El publicano, permanece de rodillas, siente su indignidad ante los ojos de Dios, sin atreverse a levantar la vista. No se presenta ante Dios con un catálogo de derechos y deberes cumplidos sino con la desnudez de quien sabe que no puede esconder nada a su mirada. Por eso, Dios, que no se detiene en la apariencia, reconoce su corazón arrepentido. Los gestos del publicano: permanece en el anonimato del fondo, postrado, los ojos al suelo y golpeándose el pecho, son ya oración y no necesitan muchas palabras. Un detalle: el fariseo emplea veintinueve palabras para justificarse, el publicano sólo siete para pedir perdón: Oh Dios, ten compasión de este pecador.
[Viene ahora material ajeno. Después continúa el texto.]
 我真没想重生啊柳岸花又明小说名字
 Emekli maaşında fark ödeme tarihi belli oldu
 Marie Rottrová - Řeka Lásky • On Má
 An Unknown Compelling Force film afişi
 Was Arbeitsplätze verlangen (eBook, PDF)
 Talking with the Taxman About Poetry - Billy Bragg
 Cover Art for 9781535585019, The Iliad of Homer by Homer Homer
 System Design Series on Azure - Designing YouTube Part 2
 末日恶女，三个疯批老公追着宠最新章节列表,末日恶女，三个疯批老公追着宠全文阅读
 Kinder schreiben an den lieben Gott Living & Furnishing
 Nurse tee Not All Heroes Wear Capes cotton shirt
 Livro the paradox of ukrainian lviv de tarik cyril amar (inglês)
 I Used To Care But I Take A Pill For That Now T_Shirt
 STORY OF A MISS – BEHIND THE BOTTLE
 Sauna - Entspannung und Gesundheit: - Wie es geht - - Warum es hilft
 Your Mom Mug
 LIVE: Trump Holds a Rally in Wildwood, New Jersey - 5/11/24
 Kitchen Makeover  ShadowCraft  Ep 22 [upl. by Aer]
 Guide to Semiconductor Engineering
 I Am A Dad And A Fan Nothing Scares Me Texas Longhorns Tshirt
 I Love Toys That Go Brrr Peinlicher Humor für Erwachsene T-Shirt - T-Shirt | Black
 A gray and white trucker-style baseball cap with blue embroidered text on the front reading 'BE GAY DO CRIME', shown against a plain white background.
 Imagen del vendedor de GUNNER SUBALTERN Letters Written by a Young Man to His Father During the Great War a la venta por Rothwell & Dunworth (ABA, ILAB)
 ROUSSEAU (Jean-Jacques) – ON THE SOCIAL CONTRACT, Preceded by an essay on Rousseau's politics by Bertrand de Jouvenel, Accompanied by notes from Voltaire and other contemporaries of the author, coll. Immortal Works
Jesús nos brinda la enseñanza de la parábola que termina de forma imprevista: Os digo que este publicano bajó a su casa justificado, y aquel fariseo no. La prepotencia bloquea la relación con Dios y mina la relación fraterna. A Dios agrada el corazón humillado y arrepentido. La parábola concluye: Todo el que se enaltece será humillado, y el que se humilla será enaltecido.
San Pablo, pronto a morir, abre su corazón a su discípulo Timoteo, dejándole su testamento: He combatido bien mi combate, he corrido hasta la meta, he mantenido la fe… Me aguarda la corona merecida con la que el Señor me premiará. Esta oración del apóstol, no brota de la prepotencia de Saulo, perseguidor de cristianos, sino de Pablo, derribado de su orgullo por el amor de Dios.
Tuit de la semana: El fariseo es arrogante, el publicano humilde. La actitud de tu corazón marca tu oración. ¿Cómo es mi oración, humilde o arrogante?